At this point it was around 8:30 pm, I believe. This hold period was blissfully short, too. She had my account notes, but we worked out that I would tell her what had figured out so far (as detailed above) while she read the notes that corresponded to my story. She put me on hold for a few minutes while she verified my story and “found out what [she can] give me.” She came back and briefly asked which text messaging plan I’d selected and said that she was talking to a “resolution specialist” before I was put on hold again. When she came back, she told me that she was able to give me an additional $100 credit on my account, for a total of $125 and free priority shipping on the iPhone 3GS. I was pretty satisfied with that, and we joked a little and I told her to have a good night.

So, to summarize, I talked to two people at AT&T on the 29th; one AT&T and two Wachovia on the afternoon of the 30th, and six at AT&T on the evening of the 30th, for a total of eleven people over two days. I received a credit of $125 on my account for my trouble, and free priority shipping on my iPhone 3GS when it is available. The only downside here is that the order was technically placed on the 29th, when my bank account was (re)charged, so the 7-10 day wait starts from there, and not from the 19th, when I had originally placed the order. Throughout this process, I was always calm and respectful to the people I talked to, as they’re just doing their job, and (in my opinion) if they can’t do something, it’s better to ask them to transfer you to someone that has the ability to do so instead of yelling at them. Let us all hope that this truly is the last “My Problem with AT&T” post.

Andrew Guyton

1 comment so far


Holy cow is that annoying! *crosses fingers* Here’s to hoping that a phone will be in hands in a week!!

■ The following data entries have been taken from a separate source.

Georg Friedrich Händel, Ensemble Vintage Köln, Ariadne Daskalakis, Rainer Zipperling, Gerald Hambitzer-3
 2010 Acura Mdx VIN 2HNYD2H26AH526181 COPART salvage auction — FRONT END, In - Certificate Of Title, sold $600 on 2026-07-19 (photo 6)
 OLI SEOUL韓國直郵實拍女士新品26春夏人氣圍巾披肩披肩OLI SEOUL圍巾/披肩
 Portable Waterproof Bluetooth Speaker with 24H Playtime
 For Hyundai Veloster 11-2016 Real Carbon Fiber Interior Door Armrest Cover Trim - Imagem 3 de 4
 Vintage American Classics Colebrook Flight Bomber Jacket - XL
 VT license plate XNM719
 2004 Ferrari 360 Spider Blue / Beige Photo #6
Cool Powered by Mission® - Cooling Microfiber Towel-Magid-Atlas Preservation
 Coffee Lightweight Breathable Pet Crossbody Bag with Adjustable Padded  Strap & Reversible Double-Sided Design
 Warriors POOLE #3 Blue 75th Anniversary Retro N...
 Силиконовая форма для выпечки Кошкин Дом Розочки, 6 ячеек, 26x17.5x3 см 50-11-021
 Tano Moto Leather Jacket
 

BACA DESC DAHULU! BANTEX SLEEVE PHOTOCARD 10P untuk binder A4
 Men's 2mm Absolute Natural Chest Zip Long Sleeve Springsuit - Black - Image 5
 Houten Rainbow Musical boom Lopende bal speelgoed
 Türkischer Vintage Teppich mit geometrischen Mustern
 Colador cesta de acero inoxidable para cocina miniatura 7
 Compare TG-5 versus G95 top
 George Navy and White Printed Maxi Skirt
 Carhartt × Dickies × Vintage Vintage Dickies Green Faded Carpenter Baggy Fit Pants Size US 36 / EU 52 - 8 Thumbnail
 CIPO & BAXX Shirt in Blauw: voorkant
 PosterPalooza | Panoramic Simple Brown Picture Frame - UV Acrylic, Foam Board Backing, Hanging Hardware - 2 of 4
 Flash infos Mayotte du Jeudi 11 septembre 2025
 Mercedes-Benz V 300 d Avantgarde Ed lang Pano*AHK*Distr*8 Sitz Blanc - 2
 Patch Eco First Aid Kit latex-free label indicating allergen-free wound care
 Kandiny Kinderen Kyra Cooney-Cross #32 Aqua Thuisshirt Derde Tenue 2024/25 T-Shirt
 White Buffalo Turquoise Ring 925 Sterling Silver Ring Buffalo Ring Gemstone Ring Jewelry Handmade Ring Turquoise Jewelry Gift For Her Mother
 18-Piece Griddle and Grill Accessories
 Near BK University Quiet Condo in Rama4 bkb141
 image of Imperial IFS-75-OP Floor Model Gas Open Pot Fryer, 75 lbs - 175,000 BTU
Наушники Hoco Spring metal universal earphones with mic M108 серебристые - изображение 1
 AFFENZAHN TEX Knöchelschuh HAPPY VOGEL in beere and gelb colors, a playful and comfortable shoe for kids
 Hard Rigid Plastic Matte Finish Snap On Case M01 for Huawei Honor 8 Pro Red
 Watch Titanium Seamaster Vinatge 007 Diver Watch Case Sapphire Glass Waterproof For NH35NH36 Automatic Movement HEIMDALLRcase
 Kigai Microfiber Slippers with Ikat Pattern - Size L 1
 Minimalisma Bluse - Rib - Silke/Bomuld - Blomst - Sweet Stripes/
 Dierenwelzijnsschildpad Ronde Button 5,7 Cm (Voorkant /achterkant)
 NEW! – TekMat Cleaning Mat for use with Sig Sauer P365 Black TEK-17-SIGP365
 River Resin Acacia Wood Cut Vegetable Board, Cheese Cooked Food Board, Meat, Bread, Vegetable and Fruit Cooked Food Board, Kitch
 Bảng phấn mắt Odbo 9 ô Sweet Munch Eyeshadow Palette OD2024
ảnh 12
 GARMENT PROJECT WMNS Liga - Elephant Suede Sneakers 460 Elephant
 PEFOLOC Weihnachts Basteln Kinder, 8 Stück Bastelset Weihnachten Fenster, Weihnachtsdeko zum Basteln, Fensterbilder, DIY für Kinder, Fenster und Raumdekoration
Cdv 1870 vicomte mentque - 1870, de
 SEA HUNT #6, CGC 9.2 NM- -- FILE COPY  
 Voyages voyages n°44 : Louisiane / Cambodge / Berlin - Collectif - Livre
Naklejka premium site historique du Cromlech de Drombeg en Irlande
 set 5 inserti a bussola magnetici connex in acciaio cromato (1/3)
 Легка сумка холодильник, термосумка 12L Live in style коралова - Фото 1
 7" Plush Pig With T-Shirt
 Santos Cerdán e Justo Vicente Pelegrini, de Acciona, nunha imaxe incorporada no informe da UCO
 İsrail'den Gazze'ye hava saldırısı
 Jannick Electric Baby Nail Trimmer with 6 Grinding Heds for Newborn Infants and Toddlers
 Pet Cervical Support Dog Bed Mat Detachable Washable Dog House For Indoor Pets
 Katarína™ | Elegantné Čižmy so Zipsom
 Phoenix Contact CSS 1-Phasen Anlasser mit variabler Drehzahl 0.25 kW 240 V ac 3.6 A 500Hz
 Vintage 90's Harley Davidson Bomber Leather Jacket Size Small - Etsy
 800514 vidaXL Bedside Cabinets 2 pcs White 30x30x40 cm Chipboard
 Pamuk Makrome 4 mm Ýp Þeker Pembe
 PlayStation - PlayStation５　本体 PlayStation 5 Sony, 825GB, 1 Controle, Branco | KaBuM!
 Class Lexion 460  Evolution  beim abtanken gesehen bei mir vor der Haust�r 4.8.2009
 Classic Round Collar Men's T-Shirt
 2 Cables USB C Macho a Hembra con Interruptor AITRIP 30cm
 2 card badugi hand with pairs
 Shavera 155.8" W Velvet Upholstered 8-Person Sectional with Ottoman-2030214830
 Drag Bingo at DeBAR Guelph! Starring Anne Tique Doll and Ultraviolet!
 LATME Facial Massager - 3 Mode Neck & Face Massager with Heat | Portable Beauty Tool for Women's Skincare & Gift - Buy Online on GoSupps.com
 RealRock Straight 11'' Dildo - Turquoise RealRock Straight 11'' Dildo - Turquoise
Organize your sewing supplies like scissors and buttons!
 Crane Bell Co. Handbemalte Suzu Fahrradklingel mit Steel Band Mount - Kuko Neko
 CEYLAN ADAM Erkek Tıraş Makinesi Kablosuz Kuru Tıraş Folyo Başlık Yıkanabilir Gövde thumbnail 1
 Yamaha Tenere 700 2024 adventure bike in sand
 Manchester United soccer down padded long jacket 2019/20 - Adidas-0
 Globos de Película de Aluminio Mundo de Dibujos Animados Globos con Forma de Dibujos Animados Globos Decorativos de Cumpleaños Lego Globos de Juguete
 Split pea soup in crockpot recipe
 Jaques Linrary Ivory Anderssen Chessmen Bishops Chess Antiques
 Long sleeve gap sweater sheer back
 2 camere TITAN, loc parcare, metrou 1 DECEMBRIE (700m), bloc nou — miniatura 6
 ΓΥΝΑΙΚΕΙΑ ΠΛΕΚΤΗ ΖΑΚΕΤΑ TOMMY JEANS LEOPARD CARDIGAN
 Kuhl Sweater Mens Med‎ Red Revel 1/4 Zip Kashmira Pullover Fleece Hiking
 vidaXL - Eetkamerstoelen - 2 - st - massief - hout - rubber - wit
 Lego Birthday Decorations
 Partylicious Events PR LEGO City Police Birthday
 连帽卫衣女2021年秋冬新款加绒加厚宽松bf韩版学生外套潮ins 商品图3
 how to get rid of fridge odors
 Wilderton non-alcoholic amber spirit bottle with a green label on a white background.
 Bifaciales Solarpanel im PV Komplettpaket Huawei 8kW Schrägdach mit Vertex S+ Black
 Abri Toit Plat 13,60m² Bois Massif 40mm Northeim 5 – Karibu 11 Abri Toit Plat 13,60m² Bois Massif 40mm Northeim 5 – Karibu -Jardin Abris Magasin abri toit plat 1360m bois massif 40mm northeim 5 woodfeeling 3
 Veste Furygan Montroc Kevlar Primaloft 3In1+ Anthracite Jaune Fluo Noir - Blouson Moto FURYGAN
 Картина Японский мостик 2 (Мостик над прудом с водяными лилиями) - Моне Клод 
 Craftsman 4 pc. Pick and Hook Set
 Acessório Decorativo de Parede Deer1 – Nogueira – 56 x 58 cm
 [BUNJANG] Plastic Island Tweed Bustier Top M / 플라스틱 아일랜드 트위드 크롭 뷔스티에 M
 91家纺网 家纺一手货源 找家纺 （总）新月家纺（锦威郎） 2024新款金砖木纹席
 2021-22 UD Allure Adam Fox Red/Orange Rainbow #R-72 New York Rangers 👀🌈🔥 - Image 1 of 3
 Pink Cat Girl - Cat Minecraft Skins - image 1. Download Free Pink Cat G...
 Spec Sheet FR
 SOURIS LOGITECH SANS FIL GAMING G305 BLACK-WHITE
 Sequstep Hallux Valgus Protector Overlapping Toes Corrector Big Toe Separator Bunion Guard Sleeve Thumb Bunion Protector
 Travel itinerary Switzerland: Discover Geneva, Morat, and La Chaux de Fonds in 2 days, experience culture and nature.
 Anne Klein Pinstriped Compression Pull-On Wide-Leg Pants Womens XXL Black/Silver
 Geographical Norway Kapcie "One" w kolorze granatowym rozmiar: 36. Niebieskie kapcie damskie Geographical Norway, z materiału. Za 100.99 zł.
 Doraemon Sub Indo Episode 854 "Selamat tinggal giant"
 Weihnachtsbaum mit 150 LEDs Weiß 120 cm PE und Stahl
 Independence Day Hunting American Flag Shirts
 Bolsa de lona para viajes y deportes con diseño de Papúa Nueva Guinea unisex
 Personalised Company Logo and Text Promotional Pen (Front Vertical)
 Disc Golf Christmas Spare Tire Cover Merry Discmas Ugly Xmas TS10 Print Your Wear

“Throughout this process, I was always calm and respectful to the people I talked to, as they’re just doing their job, and (in my opinion) if they can’t do something, it’s better to ask them to transfer you to someone that has the ability to do so instead of yelling at them.”
As someone who’s had to work at a call center (for a tax website – oi!) as well as in several customer service jobs, I really appreciate that. Unless they specifically note that they’re a supervisor/manager, there really aren’t any rules they can bend for the customer without possibly losing the job. Wish more people followed that advice as well.